● Directions
For each line in the records, produce an exact copy.

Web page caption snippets
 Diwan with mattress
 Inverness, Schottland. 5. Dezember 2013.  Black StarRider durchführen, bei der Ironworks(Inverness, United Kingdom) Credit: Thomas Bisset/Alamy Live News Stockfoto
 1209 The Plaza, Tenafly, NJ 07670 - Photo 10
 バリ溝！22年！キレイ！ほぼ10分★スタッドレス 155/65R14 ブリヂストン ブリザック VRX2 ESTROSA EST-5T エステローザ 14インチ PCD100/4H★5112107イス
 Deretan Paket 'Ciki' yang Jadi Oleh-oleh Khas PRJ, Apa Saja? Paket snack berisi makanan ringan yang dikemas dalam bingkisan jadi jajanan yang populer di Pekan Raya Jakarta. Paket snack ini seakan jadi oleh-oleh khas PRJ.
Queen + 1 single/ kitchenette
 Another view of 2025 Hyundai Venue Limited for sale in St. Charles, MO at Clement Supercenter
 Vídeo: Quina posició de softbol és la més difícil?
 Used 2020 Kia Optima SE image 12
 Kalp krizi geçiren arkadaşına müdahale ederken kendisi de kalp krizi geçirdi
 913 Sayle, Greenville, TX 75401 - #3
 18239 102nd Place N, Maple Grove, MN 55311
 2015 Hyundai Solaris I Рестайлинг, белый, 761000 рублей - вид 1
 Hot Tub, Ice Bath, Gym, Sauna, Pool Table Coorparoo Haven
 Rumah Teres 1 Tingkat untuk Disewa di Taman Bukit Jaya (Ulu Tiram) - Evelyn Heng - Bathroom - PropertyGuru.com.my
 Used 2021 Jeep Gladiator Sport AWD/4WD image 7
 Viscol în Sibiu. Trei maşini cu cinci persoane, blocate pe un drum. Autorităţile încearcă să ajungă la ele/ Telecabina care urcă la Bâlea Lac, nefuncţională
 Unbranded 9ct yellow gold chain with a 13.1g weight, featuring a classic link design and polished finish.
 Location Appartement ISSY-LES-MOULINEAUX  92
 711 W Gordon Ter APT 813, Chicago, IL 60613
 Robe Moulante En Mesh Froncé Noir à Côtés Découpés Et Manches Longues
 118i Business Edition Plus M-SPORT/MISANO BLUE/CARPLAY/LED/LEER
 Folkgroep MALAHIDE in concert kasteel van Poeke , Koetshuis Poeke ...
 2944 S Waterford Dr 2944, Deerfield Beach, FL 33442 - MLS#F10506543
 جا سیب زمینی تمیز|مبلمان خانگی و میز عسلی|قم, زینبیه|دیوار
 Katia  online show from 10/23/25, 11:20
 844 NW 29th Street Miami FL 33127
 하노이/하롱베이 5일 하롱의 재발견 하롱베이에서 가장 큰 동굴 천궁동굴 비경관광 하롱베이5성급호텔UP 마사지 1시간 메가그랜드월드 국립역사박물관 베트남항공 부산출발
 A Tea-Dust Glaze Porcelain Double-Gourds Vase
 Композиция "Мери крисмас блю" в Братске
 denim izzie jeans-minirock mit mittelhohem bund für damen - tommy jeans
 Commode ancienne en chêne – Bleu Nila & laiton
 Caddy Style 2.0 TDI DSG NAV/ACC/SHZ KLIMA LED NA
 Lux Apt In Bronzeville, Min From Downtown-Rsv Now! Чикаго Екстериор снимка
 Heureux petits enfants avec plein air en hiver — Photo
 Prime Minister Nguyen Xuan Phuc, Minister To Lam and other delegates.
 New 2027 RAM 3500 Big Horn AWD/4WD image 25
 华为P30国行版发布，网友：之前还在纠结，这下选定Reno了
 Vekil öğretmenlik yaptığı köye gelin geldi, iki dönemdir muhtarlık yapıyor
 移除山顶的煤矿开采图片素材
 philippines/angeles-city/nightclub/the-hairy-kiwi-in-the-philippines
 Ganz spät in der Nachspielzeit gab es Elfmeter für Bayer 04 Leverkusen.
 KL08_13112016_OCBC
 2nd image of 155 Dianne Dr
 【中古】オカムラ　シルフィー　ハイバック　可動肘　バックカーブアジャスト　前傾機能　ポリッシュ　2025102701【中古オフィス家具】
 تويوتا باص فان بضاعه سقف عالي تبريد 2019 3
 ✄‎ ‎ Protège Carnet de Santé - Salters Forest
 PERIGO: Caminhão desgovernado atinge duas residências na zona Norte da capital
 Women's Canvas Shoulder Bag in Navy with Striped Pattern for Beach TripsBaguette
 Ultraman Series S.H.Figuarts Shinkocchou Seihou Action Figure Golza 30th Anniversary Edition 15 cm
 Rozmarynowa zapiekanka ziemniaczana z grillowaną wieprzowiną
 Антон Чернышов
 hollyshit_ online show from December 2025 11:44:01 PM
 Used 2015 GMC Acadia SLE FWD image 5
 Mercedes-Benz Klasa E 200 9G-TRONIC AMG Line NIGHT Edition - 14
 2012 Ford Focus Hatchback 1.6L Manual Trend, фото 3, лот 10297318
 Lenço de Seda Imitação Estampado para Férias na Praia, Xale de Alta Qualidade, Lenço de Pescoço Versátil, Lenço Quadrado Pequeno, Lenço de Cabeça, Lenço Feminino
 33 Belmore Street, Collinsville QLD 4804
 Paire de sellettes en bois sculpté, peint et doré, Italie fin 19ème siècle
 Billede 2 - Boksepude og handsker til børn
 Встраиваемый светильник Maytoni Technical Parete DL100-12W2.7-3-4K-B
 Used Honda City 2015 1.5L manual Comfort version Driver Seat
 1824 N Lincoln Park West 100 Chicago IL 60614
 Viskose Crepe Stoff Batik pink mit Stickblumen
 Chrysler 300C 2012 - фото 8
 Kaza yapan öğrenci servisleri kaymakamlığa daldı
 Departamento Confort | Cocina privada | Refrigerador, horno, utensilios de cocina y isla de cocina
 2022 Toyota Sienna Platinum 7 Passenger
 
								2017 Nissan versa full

● Your response
 Diwan with mattress
 Inverness, Schottland. 5. Dezember 2013.  Black StarRider durchführen, bei der Ironworks(Inverness, United Kingdom) Credit: Thomas Bisset/Alamy Live News Stockfoto
 1209 The Plaza, Tenafly, NJ 07670 - Photo 10
 バリ溝！22年！キレイ！ほぼ10分★スタッドレス 155/65R14 ブリヂストン ブリザック VRX2 ESTROSA EST-5T エステローザ 14インチ PCD100/4H★5112107イス
 Deretan Paket 'Ciki' yang Jadi Oleh-oleh Khas PRJ, Apa Saja? Paket snack berisi makanan ringan yang dikemas dalam bingkisan jadi jajanan yang populer di Pekan Raya Jakarta. Paket snack ini seakan jadi oleh-oleh khas PRJ.
Queen + 1 single/ kitchenette
 Another view of 2025 Hyundai Venue Limited for sale in St. Charles, MO at Clement Supercenter
 Vídeo: Quina posició de softbol és la més difícil?
 Used 2020 Kia Optima SE image 12
 Kalp krizi geçiren arkadaşına müdahale ederken kendisi de kalp krizi geçirdi
 913 Sayle, Greenville, TX 75401 - #3
 18239 102nd Place N, Maple Grove, MN 55311
 2015 Hyundai Solaris I Рестайлинг, белый, 761000 рублей - вид 1
 Hot Tub, Ice Bath, Gym, Sauna, Pool Table Coorparoo Haven
 Rumah Teres 1 Tingkat untuk Disewa di Taman Bukit Jaya (Ulu Tiram) - Evelyn Heng - Bathroom - PropertyGuru.com.my
 Used 2021 Jeep Gladiator Sport AWD/4WD image 7
 Viscol în Sibiu. Trei maşini cu cinci persoane, blocate pe un drum. Autorităţile încearcă să ajungă la ele/ Telecabina care urcă la Bâlea Lac, nefuncţională
 Unbranded 9ct yellow gold chain with a 13.1g weight, featuring a classic link design and polished finish.
 Location Appartement ISSY-LES-MOULINEAUX  92
 711 W Gordon Ter APT 813, Chicago, IL 60613
 Robe Moulante En Mesh Froncé Noir à Côtés Découpés Et Manches Longues
 118i Business Edition Plus M-SPORT/MISANO BLUE/CARPLAY/LED/LEER
 Folkgroep MALAHIDE in concert kasteel van Poeke , Koetshuis Poeke ...
 2944 S Waterford Dr 2944, Deerfield Beach, FL 33442 - MLS#F10506543
 جا سیب زمینی تمیز|مبلمان خانگی و میز عسلی|قم, زینبیه|دیوار
 Katia  online show from 10/23/25, 11:20
 844 NW 29th Street Miami FL 33127
 하노이/하롱베이 5일 하롱의 재발견 하롱베이에서 가장 큰 동굴 천궁동굴 비경관광 하롱베이5성급호텔UP 마사지 1시간 메가그랜드월드 국립역사박물관 베트남항공 부산출발
 A Tea-Dust Glaze Porcelain Double-Gourds Vase
 Композиция "Мери крисмас блю" в Братске
 denim izzie jeans-minirock mit mittelhohem bund für damen - tommy jeans
 Commode ancienne en chêne – Bleu Nila & laiton
 Caddy Style 2.0 TDI DSG NAV/ACC/SHZ KLIMA LED NA
 Lux Apt In Bronzeville, Min From Downtown-Rsv Now! Чикаго Екстериор снимка
 Heureux petits enfants avec plein air en hiver — Photo
 Prime Minister Nguyen Xuan Phuc, Minister To Lam and other delegates.
 New 2027 RAM 3500 Big Horn AWD/4WD image 25
 华为P30国行版发布，网友：之前还在纠结，这下选定Reno了
 Vekil öğretmenlik yaptığı köye gelin geldi, iki dönemdir muhtarlık yapıyor
 移除山顶的煤矿开采图片素材
 philippines/angeles-city/nightclub/the-hairy-kiwi-in-the-philippines
 Ganz spät in der Nachspielzeit gab es Elfmeter für Bayer 04 Leverkusen.
 KL08_13112016_OCBC
 2nd image of 155 Dianne Dr
 【中古】オカムラ　シルフィー　ハイバック　可動肘　バックカーブアジャスト　前傾機能　ポリッシュ　2025102701【中古オフィス家具】
 تويوتا باص فان بضاعه سقف عالي تبريد 2019 3
 ✄‎ ‎ Protège Carnet de Santé - Salters Forest
 PERIGO: Caminhão desgovernado atinge duas residências na zona Norte da capital
 Women's Canvas Shoulder Bag in Navy with Striped Pattern for Beach TripsBaguette
 Ultraman Series S.H.Figuarts Shinkocchou Seihou Action Figure Golza 30th Anniversary Edition 15 cm
 Rozmarynowa zapiekanka ziemniaczana z grillowaną wieprzowiną
 Антон Чернышов
 hollyshit_ online show from December 2025 11:44:01 PM
 Used 2015 GMC Acadia SLE FWD image 5
 Mercedes-Benz Klasa E 200 9G-TRONIC AMG Line NIGHT Edition - 14
 2012 Ford Focus Hatchback 1.6L Manual Trend, фото 3, лот 10297318
 Lenço de Seda Imitação Estampado para Férias na Praia, Xale de Alta Qualidade, Lenço de Pescoço Versátil, Lenço Quadrado Pequeno, Lenço de Cabeça, Lenço Feminino
 33 Belmore Street, Collinsville QLD 4804
 Paire de sellettes en bois sculpté, peint et doré, Italie fin 19ème siècle
 Billede 2 - Boksepude og handsker til børn
 Встраиваемый светильник Maytoni Technical Parete DL100-12W2.7-3-4K-B
 Used Honda City 2015 1.5L manual Comfort version Driver Seat
 1824 N Lincoln Park West 100 Chicago IL 60614
 Viskose Crepe Stoff Batik pink mit Stickblumen
 Chrysler 300C 2012 - фото 8
 Kaza yapan öğrenci servisleri kaymakamlığa daldı
 Departamento Confort | Cocina privada | Refrigerador, horno, utensilios de cocina y isla de cocina
 2022 Toyota Sienna Platinum 7 Passenger
 
								2017 Nissan versa full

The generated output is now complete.